We have noticed that when using the grill on our Kon-tiki 669 that the control knobs tend to get quite hot, has anyone else noticed? 

I can't see ours being the only one, surely this is a design fault if so what can be done so that we can cook on our "full cooker".

I could make a wooden handle that fits over the nice silver metal ones.

We don't often use the grill as it is not very good even for toast. but I dont use the airbags very often either but I still expect them to work when needed..


----------



## suedew (May 10, 2005)

Not sure if our oven/grill on the escape is the same, but there is metal plate which pulls out, well it says pull out when oven/grill in use (i think that is the wording can't see the van from here) ours is permanently out, haven't noticed controls of cooker getting hot.

Know it may be a novel idea, but is there anything in the handbook for the cooker about it? :wink: 

Sue


----------



## cabby (May 14, 2005)

there should be a metal piece that either pulls out or clips on to protect your knobs.   just seen what i wrote.

cabby


----------



## GTS1 (Aug 18, 2007)

Just checked cannot see any plate or cover that pulls out , my knobs are definitely left unprotected.


----------



## CPW2007 (Aug 17, 2007)

We rarely use the grill but on the occasions that it is used our knobs  do not get very hot. We always leave the grill door fully open when the grill is used - other than that I can't really be of much help :? 

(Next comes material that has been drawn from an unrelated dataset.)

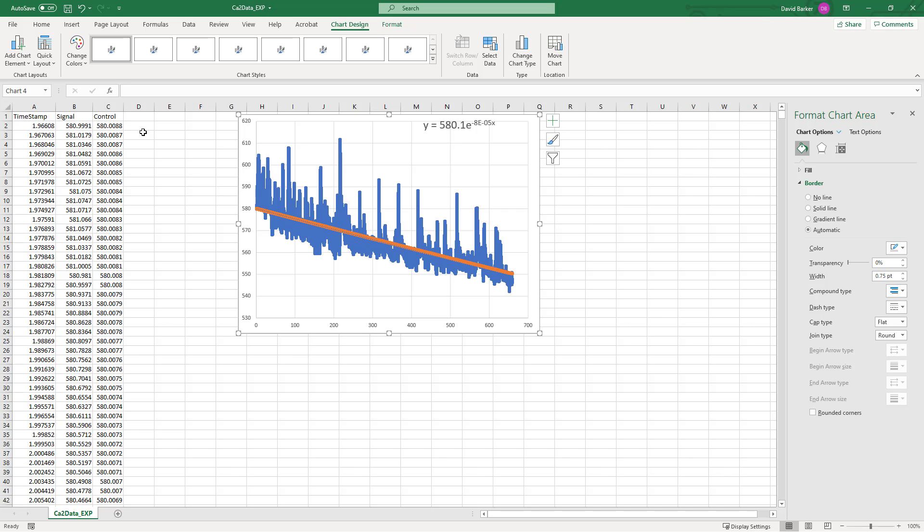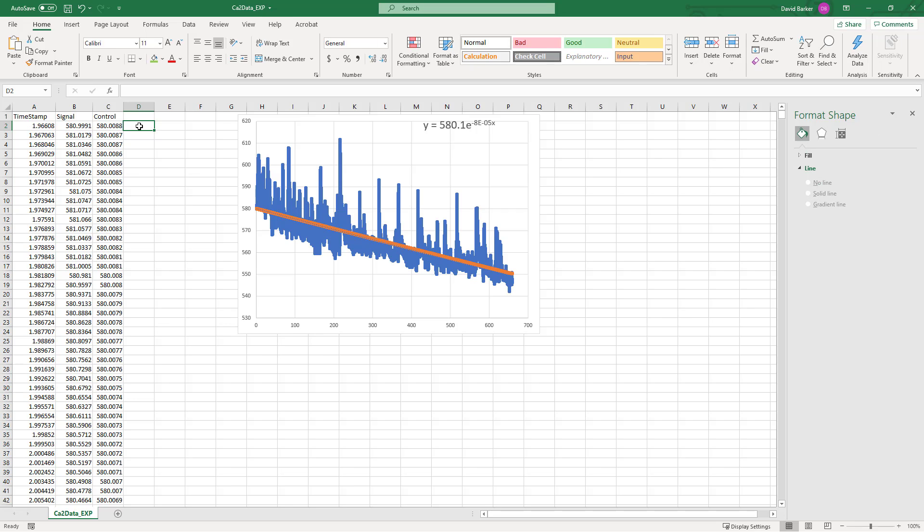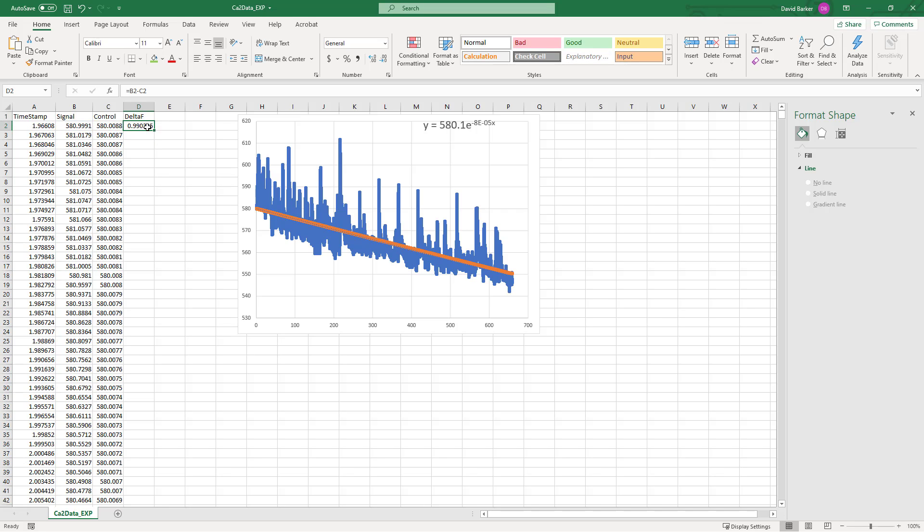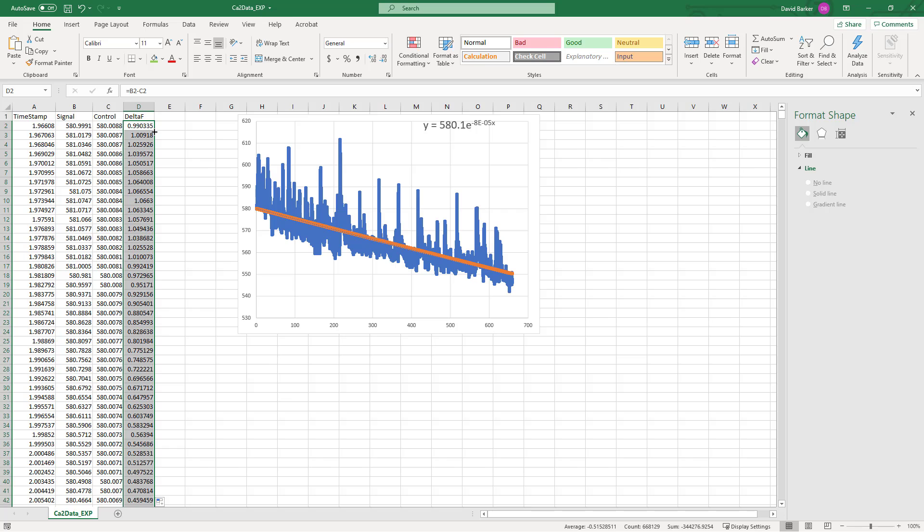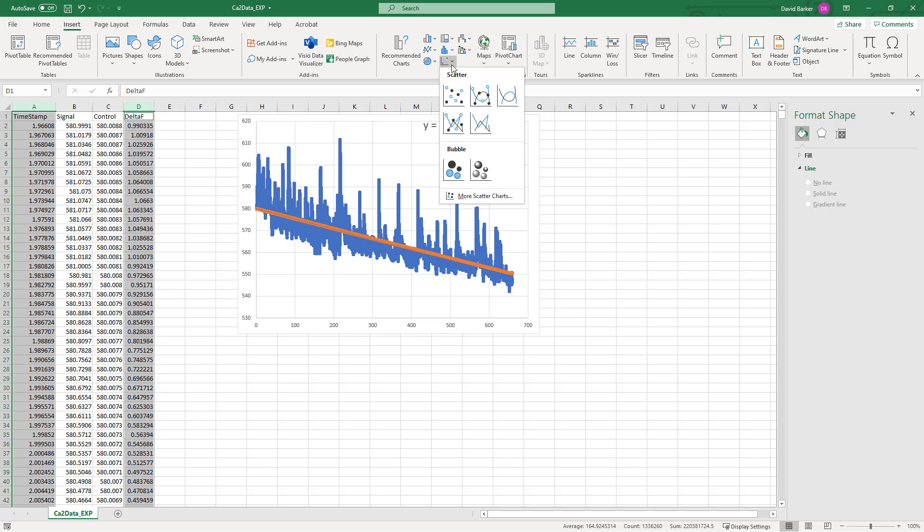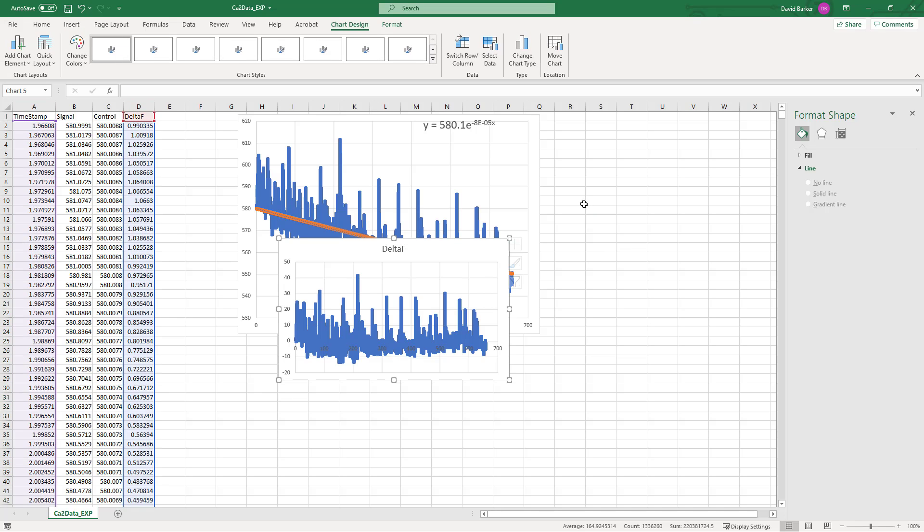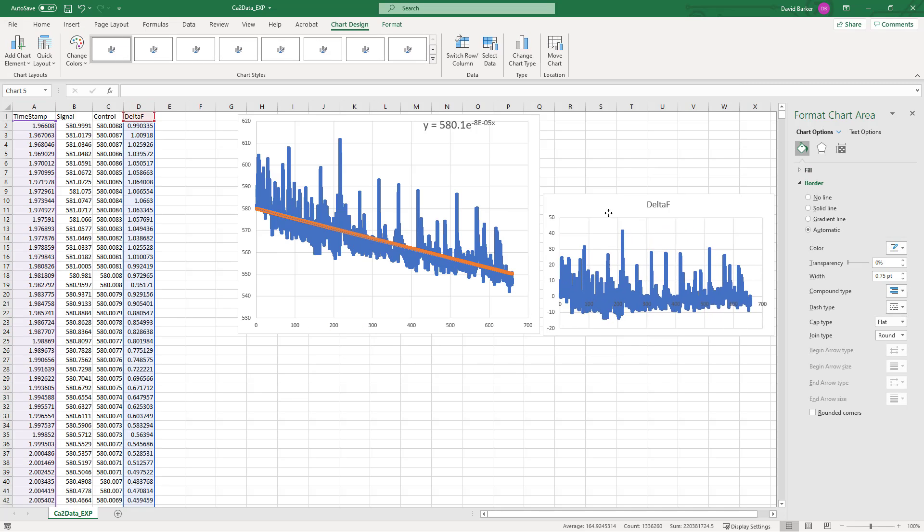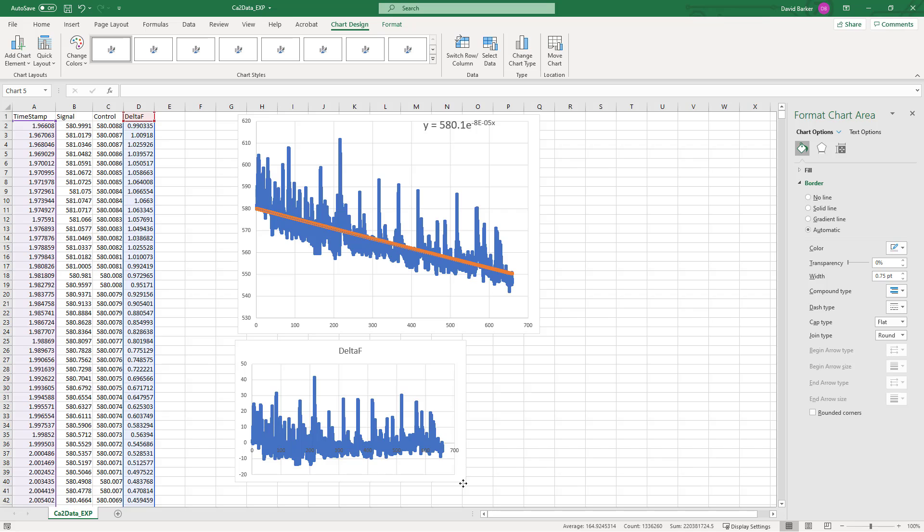If you want to see what your flattened curve would look like, you could easily just come in and create a Delta F column here. All you would do is you would take your signal data and subtract the corresponding control data. Then you can again use that double-click of that square to take this all the way down to the bottom. We can create an entirely new graph if we want to see this data, or we can look at the timestamp with this.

Our cooker is a Stoves 500 DF DIT if that helps :!: :?: 

Regards

Chris


----------



## Rapide561 (Oct 1, 2005)

*Cooker*

Hi

I think the pull out metal bit may well be model specific.

I have a Stoves cooker, model as detailed above. I rarely use the grill though but I can't say I have noticed hot knobs.

Russell


----------



## GTS1 (Aug 18, 2007)

Sorry Guys, its a thetford cooker on a Kon-tiki 669


----------



## karlb (Feb 22, 2009)

*Re: Cooker*



Rapide561 said:


> Hi
> 
> I think the pull out metal bit may well be model specific.
> 
> ...


even with the haircut? :lol:


----------